═════ Recorded information

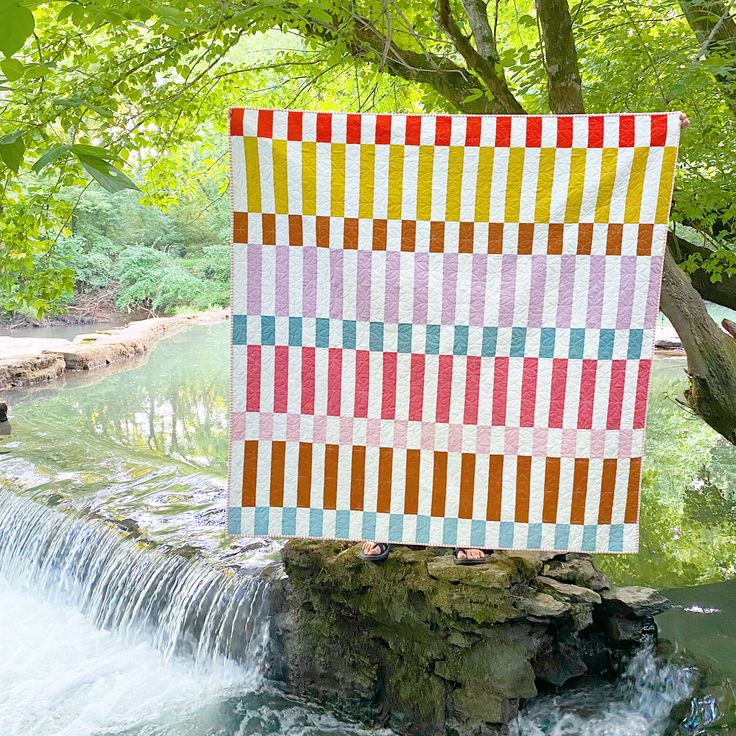 a colorful quilt hanging over a waterfall in the woods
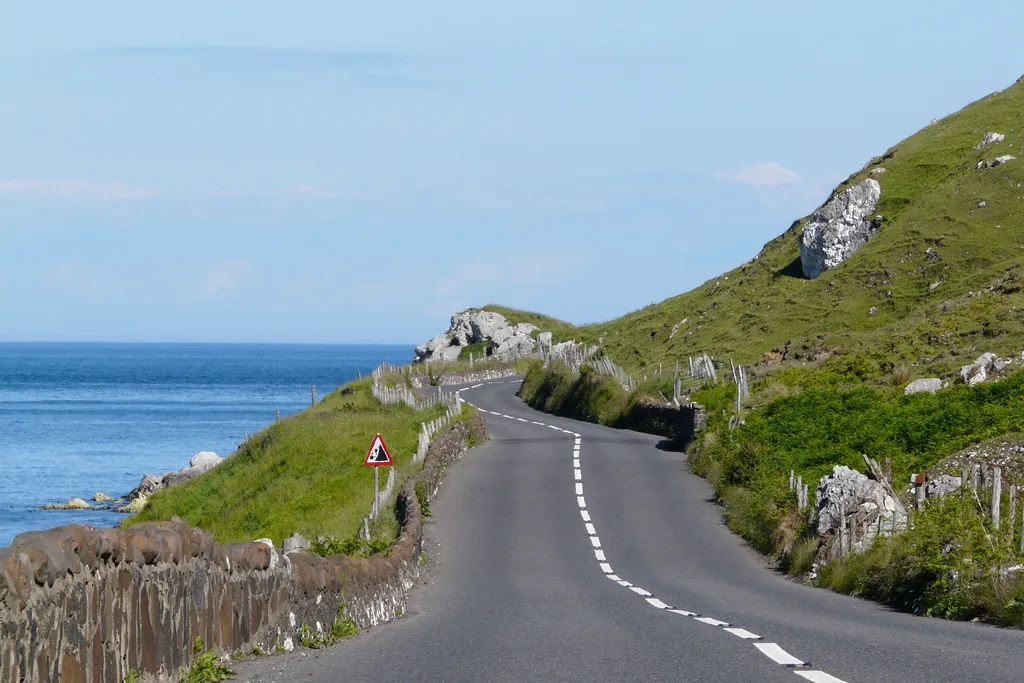 The Antrim Coast Road curving between the sea and the cliffs on the County Antrim coast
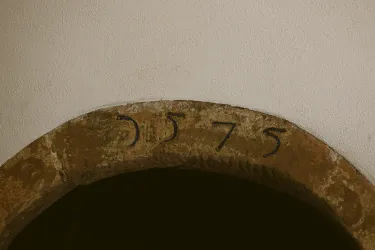 Ein steinerner Bogen mit der Jahreszahl 1575 in schwarzer Schrift. Der Hintergrund ist schlicht und hell.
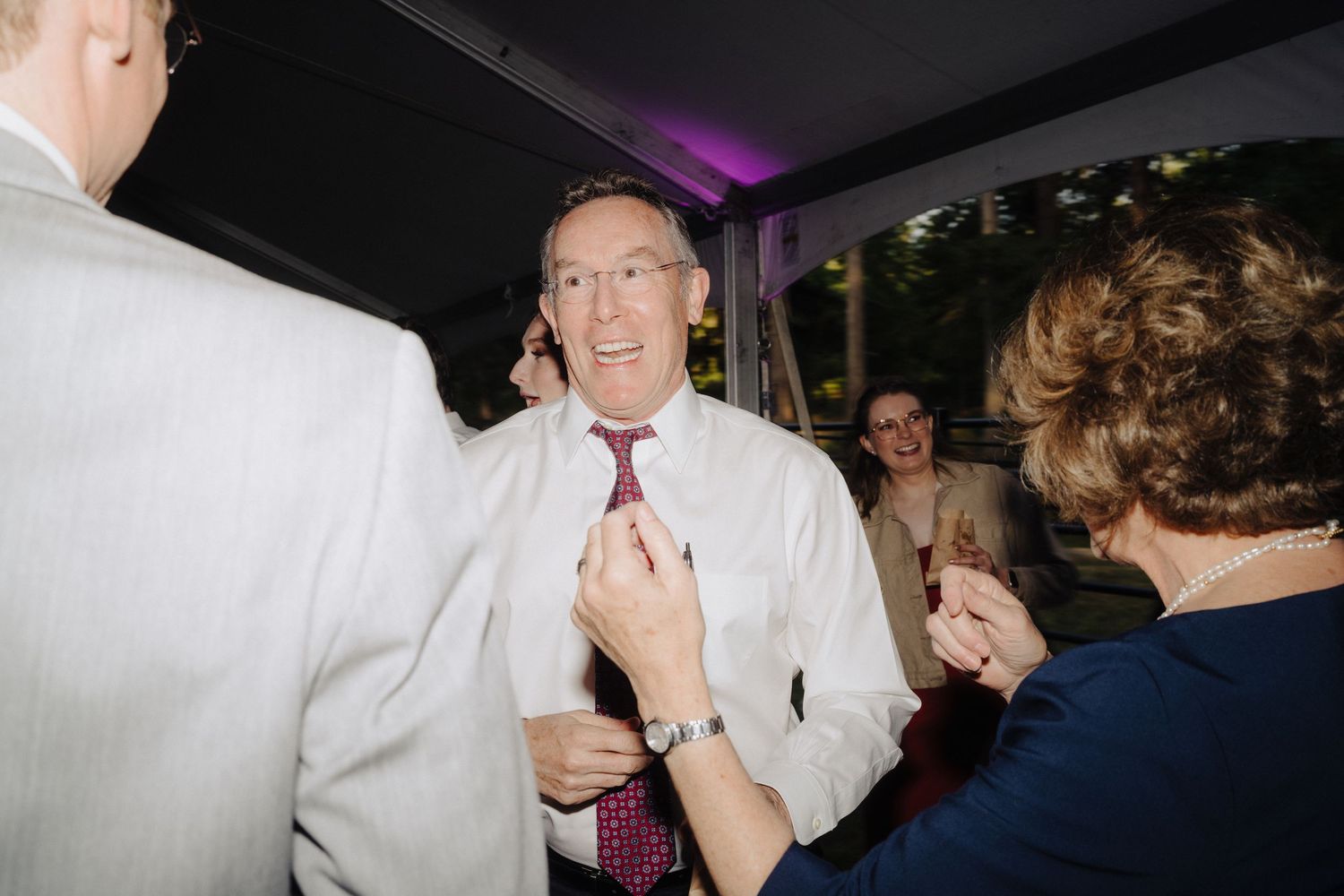 Wedding reception guests dance and celebrate under a white tent with party lighting.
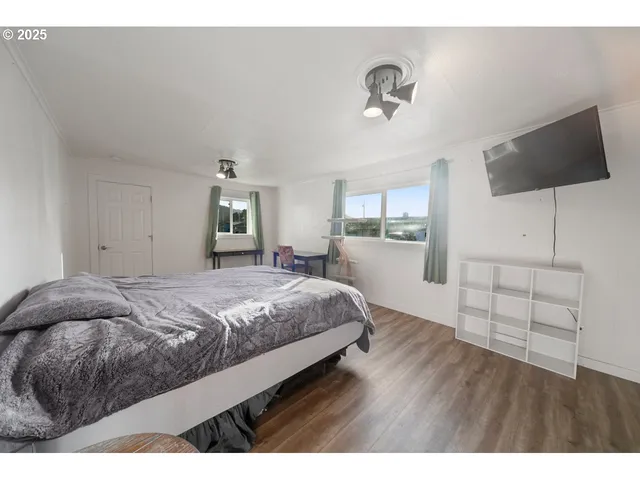 a bedroom with a bed and a flat tv screen on dresser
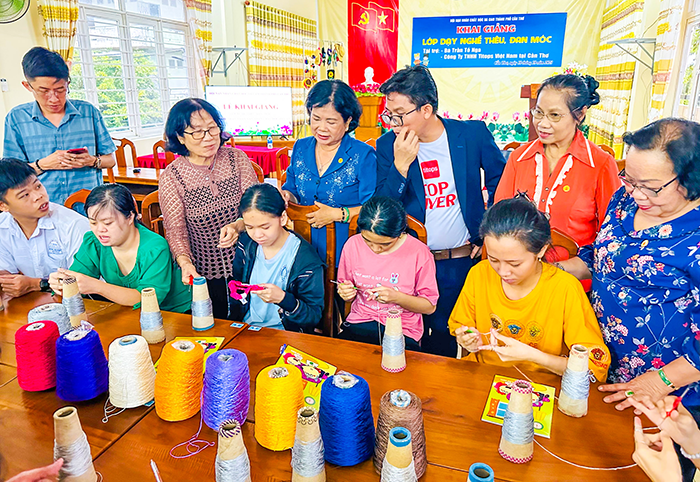 Các đại biểu xem giáo viên hướng dẫn học viên đan len.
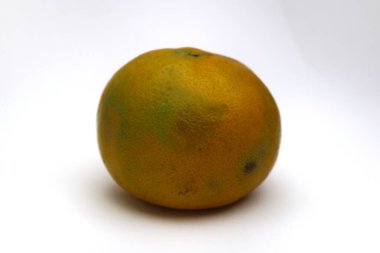 Tek bir portakal beyaz bir arkaplanda oturur, dokusunu ve canlı rengini vurgular..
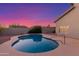 Inviting kidney-shaped pool in the backyard at sunset at 12815 E Becker Ln, Scottsdale, AZ 85259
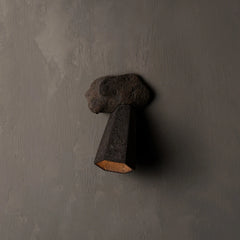 A dark textured stone sconce wall light with a geometric cone shade, mounted on a textured gray plaster wall.
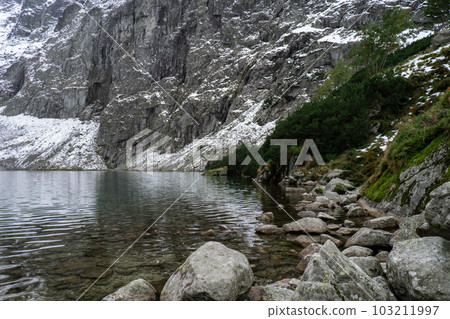 Czarny Staw pod Rysamy or Black Pond lake near the Morskie Oko Snowy Mountain Hut in Polish Tatry mountains, drone view, Zakopane, Poland. 4k Aerial view shot of beautiful green hills and mountains in 103211997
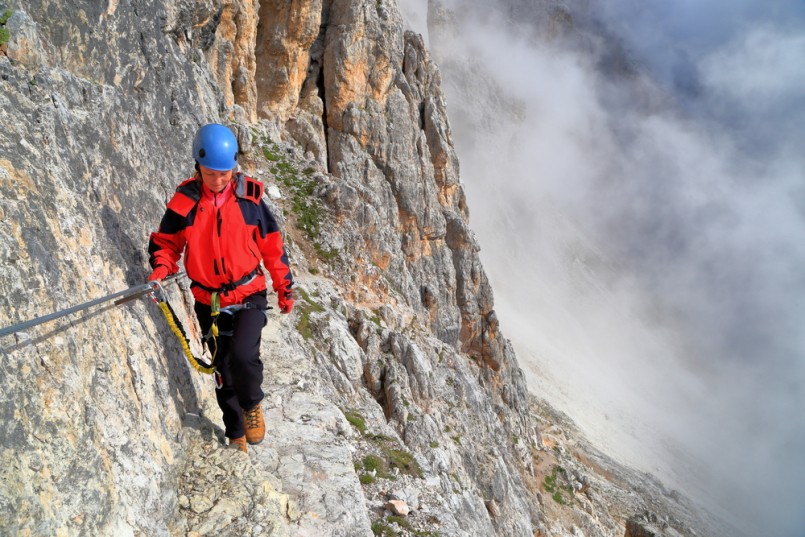 Climber woman on traverse section of via ferrata Dolomite Alps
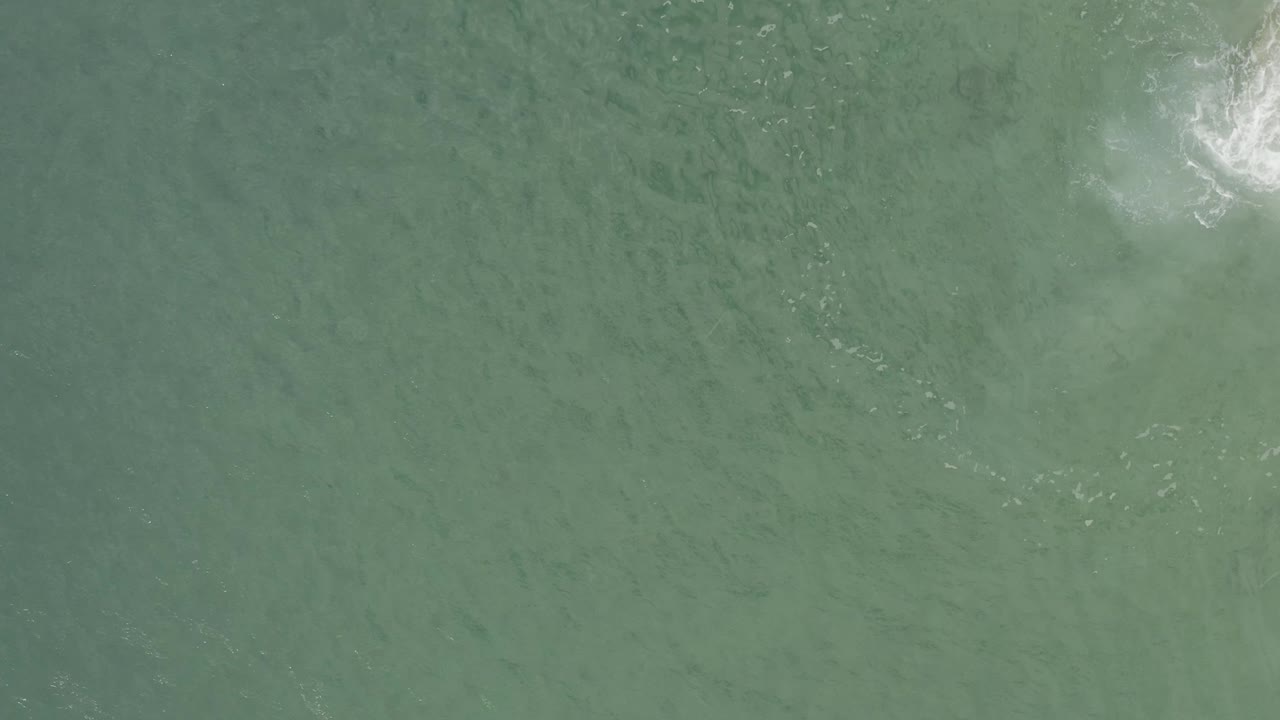 Straight-down aerial view in Baja California Sur, Mexico, with green water texture and white foam partly clipped by the upper right corner, no visible people.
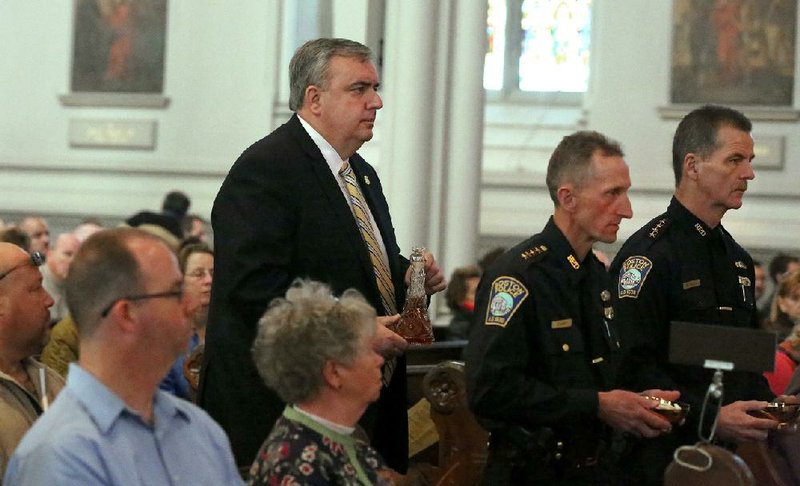 Boston Police Commissioner Ed Davis (left) and Superintendents William Evans and Kevin Buckley carry the “Gifts” to the altar during Mass at the Cathedral of the Holy Cross on Sunday in Boston. Prayers were said for the victims of the Boston Marathon bombings and the subsequent manhunt and for fi rst responders.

══════════

Work task: Reproduce only the lines from the beginning of the data through the line that contains "Wedding reception guests", both included, and please drop the pictures.

Solution:
 a colorful quilt hanging over a waterfall in the woods
 The Antrim Coast Road curving between the sea and the cliffs on the County Antrim coast
 Ein steinerner Bogen mit der Jahreszahl 1575 in schwarzer Schrift. Der Hintergrund ist schlicht und hell.
 Wedding reception guests dance and celebrate under a white tent with party lighting.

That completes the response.